- [Action item]:
When you reach the line with "I believe that", start repeating the lines exactly and keep going to the end of the records, but drop every picture.

Collected data
**********

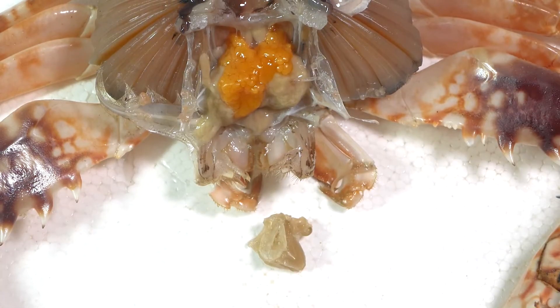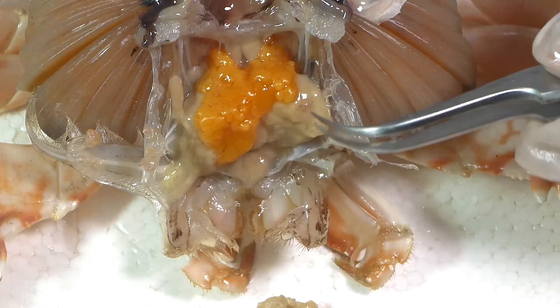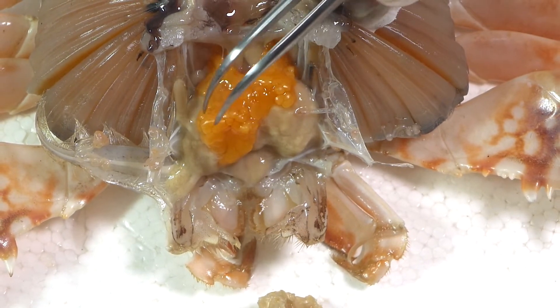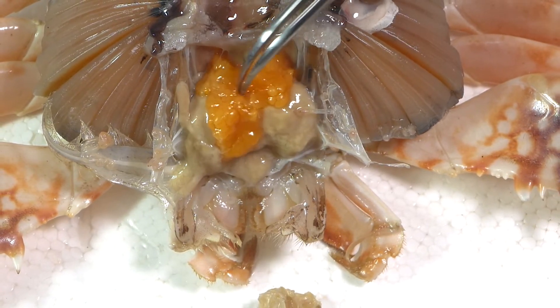The yellowish bulbous material is the digestive gland or digestive cecum. If the gonads are present, they will be anterior to this digestive cecum, right under the edge.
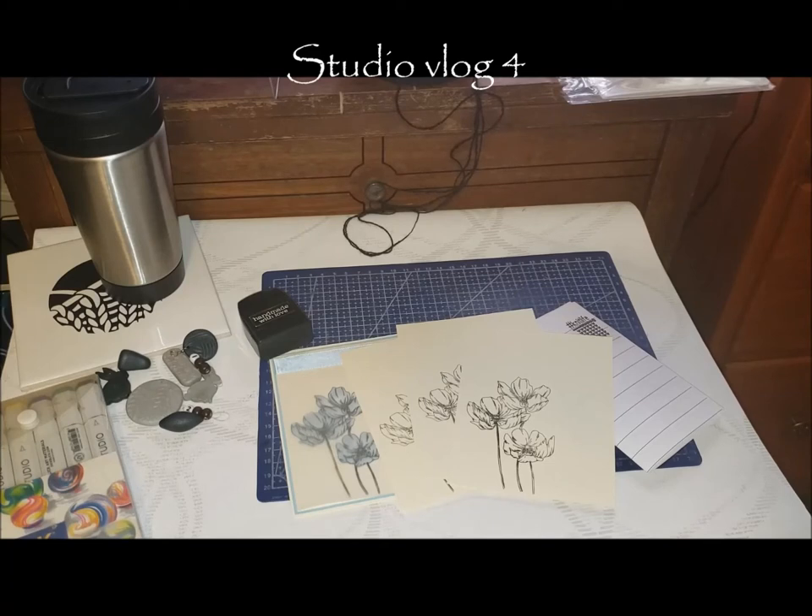Hi everybody, this is Denise from Foursquare Microfarm and this is a studio vlog. I'm going to try to explain everything that's going on here all in one pass. I feel like I haven't made any real videos in a long time, which is kind of not true because I did make a video on the breed study, but it's just been really complicated over the holiday season. I'm getting back into the swing of things and making out my list of things that need to be attended to for the video making.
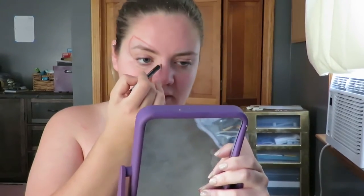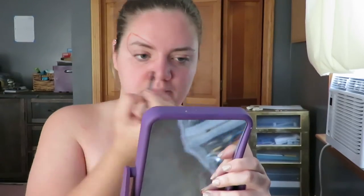Using a lip pencil from NYX in the shade London, I'm just mapping out where the eyes are going to be. I made mine a weird shape, so if you're following a reference photo, just be careful of that.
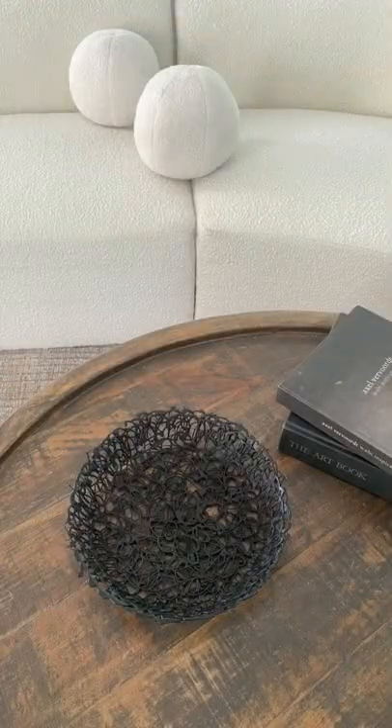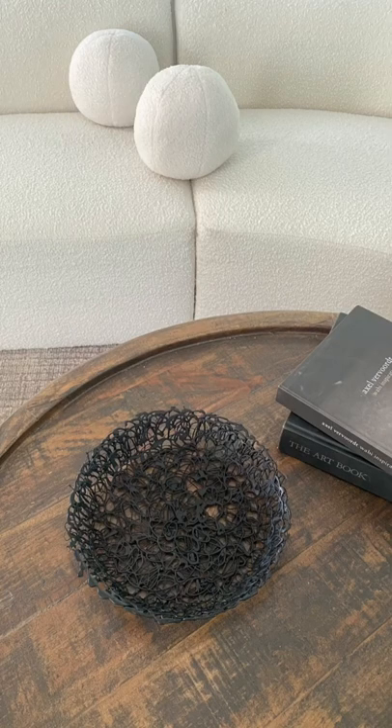I believe that this mimics iron really, really well. Here is the final result, guys. If you like it, please like and share for more.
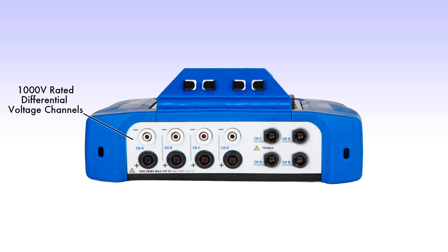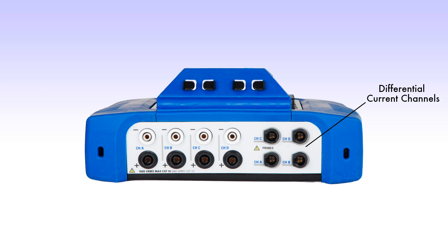Looking at the top view, there are four 1,000 volt rated differential voltage channels capable of both AC and DC measurements. There are also four differential current channels capable of both AC and DC measurements. Each channel can power our DranFlex CTs directly from the instrument.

**********

- [Result of this exercise]:
I believe that this mimics iron really, really well. Here is the final result, guys. If you like it, please like and share for more.
Looking at the top view, there are four 1,000 volt rated differential voltage channels capable of both AC and DC measurements. There are also four differential current channels capable of both AC and DC measurements. Each channel can power our DranFlex CTs directly from the instrument.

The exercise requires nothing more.